Emphasizing the relationship between anthropology and recent social movements, Leith Mullings used the phrase “anthropology matters” in her 2013 AAA Presidential Address to highlight the important spaces that have emerged for theoretical and methodological innovation as anthropologists help solve human problems through education and advocacy. The world of the Anthropocene, packed with meaning and crisis, needs anthropologists with critical skills in empowering subaltern voices and practices. Biomedicine and racialized neo-eugenics are substantive obstacles to social justice, health and well-being. Crises over nationalism, (im)migration, biology/politics, and inequality are constantly erupting in the 21st century. Biodiversity, and the manipulation of biotic materials in the marketplace, generate multispecies ecologies that shape the daily experiences of humans globally. Mainstream media pundits, disingenuous politicians, legal scholars, psychologists and economists tend to dominate the public discourse on life, law, economics, sports and entertainment—the panoply of human experience. We are in the midst of substantial (re)writing of histories, presents and futures. The Anthropocene pleas for anthropological investigation, translation, influence and action. Let anthropology respond. Loudly.

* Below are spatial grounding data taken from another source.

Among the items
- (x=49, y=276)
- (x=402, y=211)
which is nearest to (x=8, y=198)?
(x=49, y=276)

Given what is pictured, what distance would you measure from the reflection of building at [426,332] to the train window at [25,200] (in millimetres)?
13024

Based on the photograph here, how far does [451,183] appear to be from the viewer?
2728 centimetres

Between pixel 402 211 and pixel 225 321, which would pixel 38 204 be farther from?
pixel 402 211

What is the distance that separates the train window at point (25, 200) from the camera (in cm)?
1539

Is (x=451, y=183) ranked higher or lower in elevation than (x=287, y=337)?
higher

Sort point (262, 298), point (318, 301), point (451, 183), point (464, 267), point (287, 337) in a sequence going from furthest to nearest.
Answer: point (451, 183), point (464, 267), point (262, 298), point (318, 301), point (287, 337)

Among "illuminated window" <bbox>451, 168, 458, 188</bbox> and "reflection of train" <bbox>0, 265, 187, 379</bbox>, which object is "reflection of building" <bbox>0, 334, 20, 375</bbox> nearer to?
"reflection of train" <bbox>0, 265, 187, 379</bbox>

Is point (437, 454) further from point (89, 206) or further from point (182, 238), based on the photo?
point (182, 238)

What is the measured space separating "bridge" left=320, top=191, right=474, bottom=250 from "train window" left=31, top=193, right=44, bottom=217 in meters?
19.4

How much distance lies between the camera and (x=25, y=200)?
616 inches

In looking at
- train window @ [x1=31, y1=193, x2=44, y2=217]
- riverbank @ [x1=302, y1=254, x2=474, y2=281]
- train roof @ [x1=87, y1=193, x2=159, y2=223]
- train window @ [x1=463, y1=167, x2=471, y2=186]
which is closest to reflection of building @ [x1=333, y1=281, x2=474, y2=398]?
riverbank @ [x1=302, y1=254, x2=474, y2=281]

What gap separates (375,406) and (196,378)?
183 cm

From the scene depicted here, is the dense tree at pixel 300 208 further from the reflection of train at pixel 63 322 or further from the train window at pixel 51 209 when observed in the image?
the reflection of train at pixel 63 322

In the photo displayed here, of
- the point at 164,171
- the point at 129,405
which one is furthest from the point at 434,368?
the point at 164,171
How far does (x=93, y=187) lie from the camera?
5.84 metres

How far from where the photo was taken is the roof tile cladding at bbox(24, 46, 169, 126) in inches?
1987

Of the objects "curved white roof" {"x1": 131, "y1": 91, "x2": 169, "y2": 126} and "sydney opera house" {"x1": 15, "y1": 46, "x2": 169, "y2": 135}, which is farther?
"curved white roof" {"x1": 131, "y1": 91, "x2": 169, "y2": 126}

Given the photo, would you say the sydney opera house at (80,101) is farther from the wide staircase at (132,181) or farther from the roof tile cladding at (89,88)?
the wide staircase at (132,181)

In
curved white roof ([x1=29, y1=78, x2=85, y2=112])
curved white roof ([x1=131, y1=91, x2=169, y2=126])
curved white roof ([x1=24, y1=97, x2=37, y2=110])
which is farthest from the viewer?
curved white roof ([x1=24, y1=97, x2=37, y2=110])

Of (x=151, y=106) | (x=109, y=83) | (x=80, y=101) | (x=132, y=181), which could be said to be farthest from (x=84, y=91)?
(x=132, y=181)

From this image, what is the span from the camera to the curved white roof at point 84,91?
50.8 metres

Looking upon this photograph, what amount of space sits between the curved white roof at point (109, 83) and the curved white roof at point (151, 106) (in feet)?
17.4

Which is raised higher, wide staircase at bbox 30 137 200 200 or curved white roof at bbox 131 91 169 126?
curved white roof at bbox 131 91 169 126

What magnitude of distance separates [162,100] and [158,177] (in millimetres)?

We need to continue to move beyond divisive debates about ownership, terminology and classification and into fruitful dialogues across, between, within, outside and throughout our practices. It is not about agreeing on what “anthropology” is, nor is it about labeling and classifying any particular set of anthropologies as valid and others as not. Rather, we will gather in opposition to strict boundaries, spill across academic divides and blur the synthetic lines that isolate good questions from generously intellectual and fearlessly anthropological investigation. Questions, methods, outcomes and actions are the substance of anthropology. The 2017 meetings are an opportunity to think and act together, to adventure and experiment, to agree and disagree openly and emphatically, and to demonstrate why anthropology matters.

The Anthropocene pleas for anthropological investigation, translation, influence and action. Let anthropology respond. Loudly.

Anthropology matters in the academy, in the larger world, and across time. But we don’t always show it. At the 2017 meeting it is time to “put up or shut up.”

This is a call for panels/workshops/events that involve investigation, translation, influence, and action:

To each other

To other fields

To the public

To governments and policy-makers

As activists and intellectual insurgents

As authors/media content creators/story tellers

As an association (AAA and all the sections)

Across species

In collaboration with vital agents and vibrant matter

We hope you will submit a proposal for a session, a workshop, a poster symposium, for something risky and exciting. We ask you to be innovative, fearless, generous and challenging. Anthropology should never “shut up.” We should be vociferous, committed, adventurous and expansive. Washington DC in November 2017 is the place to be.